By Raul Domínguez, El Deber:

Fixed exchange rate reached 14 years; its reduction is announced but an ‘inevitable shock’ is foreseen

Tipo de cambio fijo cumplió 14 años; anuncian su baja pero ven ‘shock’ inevitable

The U.S. dollar brushed Bs 20 this past May. There is expectation about the Government’s measures | Ricardo Montero

Some sectors view with relief the announcement of the end of the fixed exchange rate for the dollar, although the government has not indicated the path to follow. Analysts warn that, together with the end of the fuel subsidy, more inflation could be generated

This past November 2, the fixed exchange rate with respect to the dollar at the Central Bank of Bolivia (BCB) reached 14 years. It seems it will not reach 15 because the government of Rodrigo Paz has already announced that the 2026 General State Budget (PGE) will determine a new exchange-rate regime.

The one in charge of making the announcement was the Minister of Economy, José Gabriel Espinoza, and although he did not provide details of the new policy, some sectors and analysts agree that, even if done gradually, it will cause a “shock” in the economy.

The manager of the Bolivian Institute of Foreign Trade (IBCE), Gary Rodríguez, stated that the way out from a fixed exchange rate to a free, controlled, or “dirty” float — as the Bolsín was — will depend on the assessment that the BCB and the Ministry of Economy and Public Finance (MEFP) make of the current and future situation, after “putting the house in order.”

“The exchange rate affects absolutely all sectors, in one way or another, for better or worse, it affects the entire economy, and you can see it today in the prices of imported products that have climbed due to the rise of the dollar in the ‘black market’ (de facto devaluation) and, with that, production costs as well, since Bolivia is heavily import-dependent,” Rodríguez indicated.

For his part, the president of the Bolivian Chamber of Real Estate Developers, Óscar Paz, maintained that the new exchange-rate regime should move toward greater managed flexibility, where the market once again provides real signals and where economic actors can plan long-term without gaps or distortions.

“From the CBDI, we see that exchange-rate unification can become the most important signal to reactivate the real-estate sector, because it restores predictability and allows families and companies to plan long-term investments again,” he said.

In turn, he emphasized that the benefits of an exchange-rate normalization will generate more predictable costs in materials with imported components, reactivation of mortgage credit, greater investment capacity from developers, greater confidence from the final buyer, and less caution in the execution of projects.

“There may be a natural adjustment period, but exchange-rate clarity is the ‘input’ that the sector needs to regain pace, expand supply, and attract local and international investment,” he explained.

Enduring what is coming

Rodrigo Regalsky, a finance expert, considered that a change in the exchange-rate regime and, at the same time, the end of fuel subsidies, as the government has previewed, will affect all products and generate inflation.

“They want to do both things simultaneously.

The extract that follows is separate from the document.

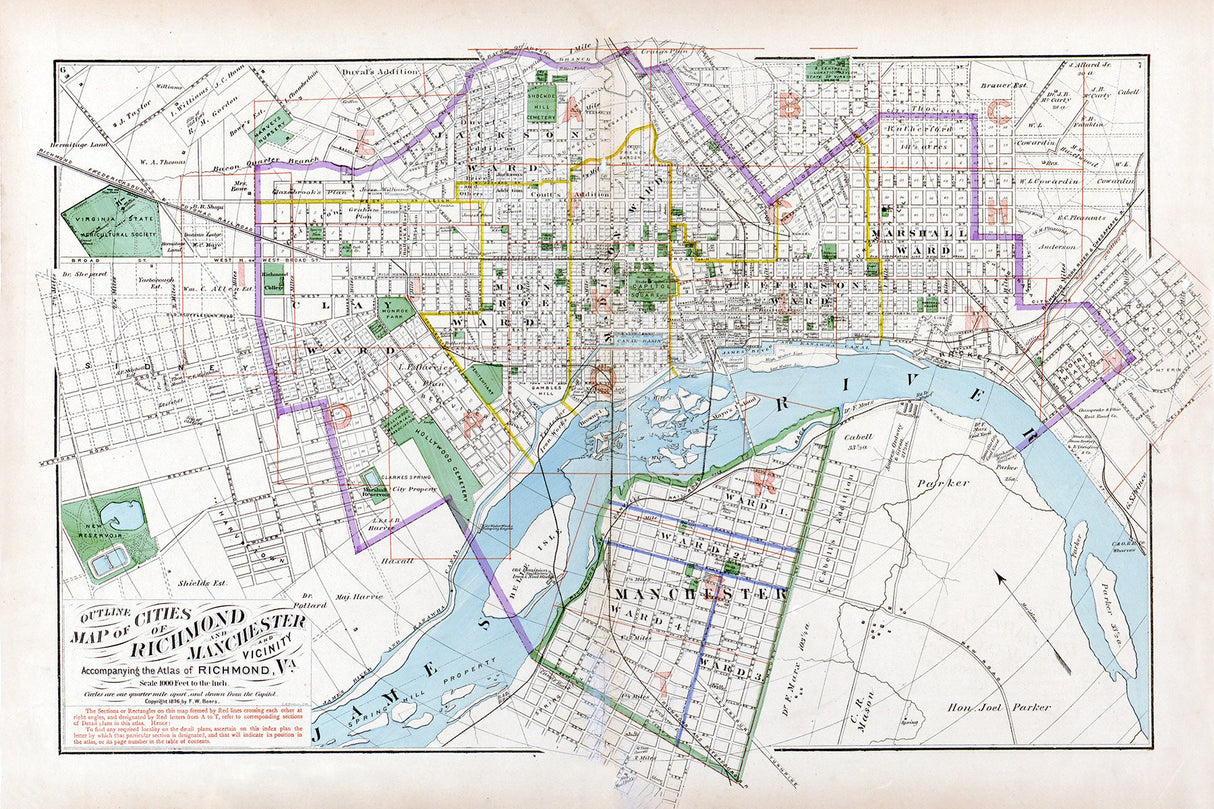 1877 Map of Richmond Virginia and Manchester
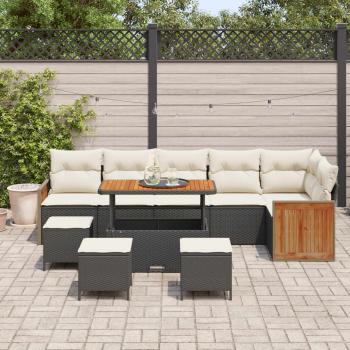 Gartensofa-set 10 stk. 10-Sitzanzahl Schwarz und Creme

It seems they will do it in a gradualist way and we already have bad examples of gradualism in Argentina, with the administration of Mauricio Macri two administrations ago, when things went very badly because he did not achieve any positive result. Gradualism turned out badly for him, both economically and politically,” Regalsky argued.

However, according to the expert, the ‘shock’ must be endured once and not postponed any longer. “We need to contract in order to be better in the future. We have been living in an illusion during the last 15 years, that we are richer—this is not so—the most affected will be the poorest, as always, and we will return to a reality like the one we had 20 years ago,” he added.

Martín Ascarrunz, president of the Association of Agricultural Input Suppliers (APIA), considered that if the change of regime does not come accompanied by sufficient liquidity and an orderly transition, there could be sharp price increases in imported inputs, widening of exchange-rate gaps, and delays in restocking inventories, adding to greater financial uncertainty.

“The sector can work with any exchange rate, as long as it is stable and predictable. What really affects us is uncertainty (…). For a new exchange-rate regime to succeed, it is essential to ensure real access to dollars for productive sectors, implement an orderly transition avoiding abrupt jumps, and accompany exchange-rate policy with measures that boost planting, industrialization, and exports,” he added.

For Jhonny Salvatierra, president of the Bolivian Automotive Chamber (CAB), he stated that “it would be interesting” to have a price band for the dollar, given the current fluctuations it has. It would be like putting the house in order, but that does not depend on them (the government), it depends on the economy. (…). “The truth is that we businesspeople are exploding with happiness and joy seeing that measures are being taken that benefit companies,” he indicated.